DATASET CONTENT Start Marker
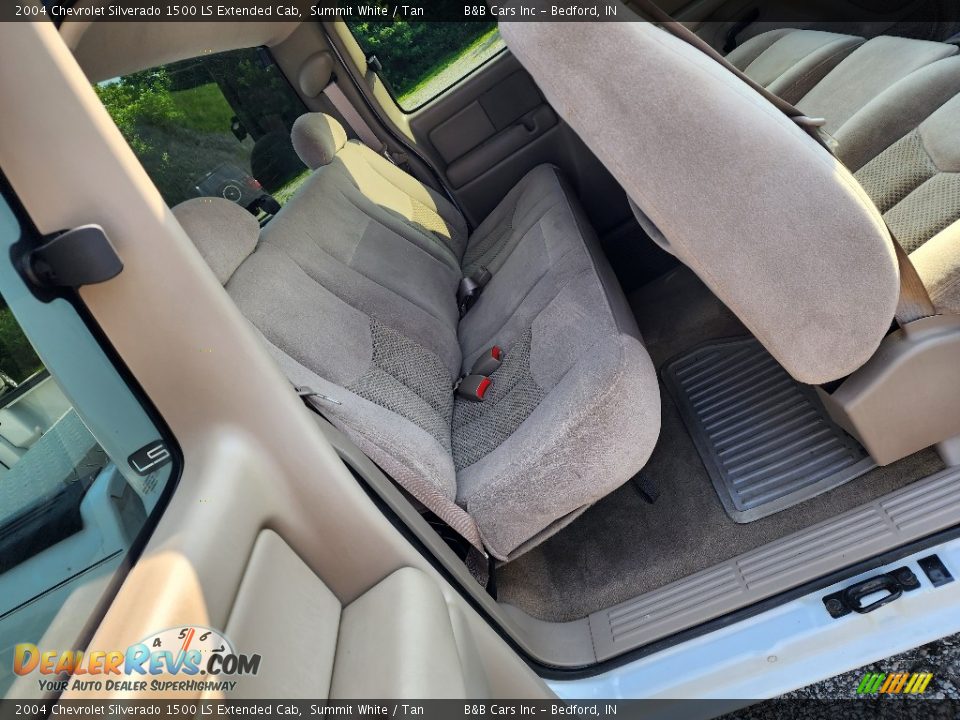 Rear Seat of 2004 Chevrolet Silverado 1500 LS Extended Cab Photo #17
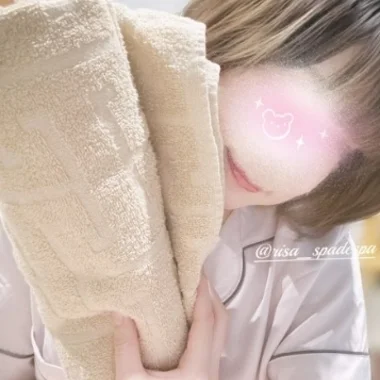 りさ【一人ひとりへ】>の写真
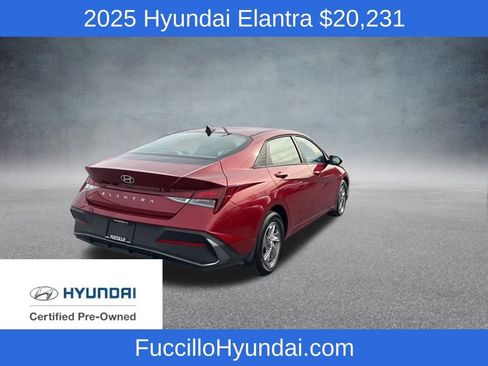 Certified 2025 Hyundai Elantra SE image 6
DATASET CONTENT End Marker
» ACTIVITY
The listing must be returned in full and exactly, apart from its pictures.

» SOLUTION
 Rear Seat of 2004 Chevrolet Silverado 1500 LS Extended Cab Photo #17
 りさ【一人ひとりへ】>の写真
 Certified 2025 Hyundai Elantra SE image 6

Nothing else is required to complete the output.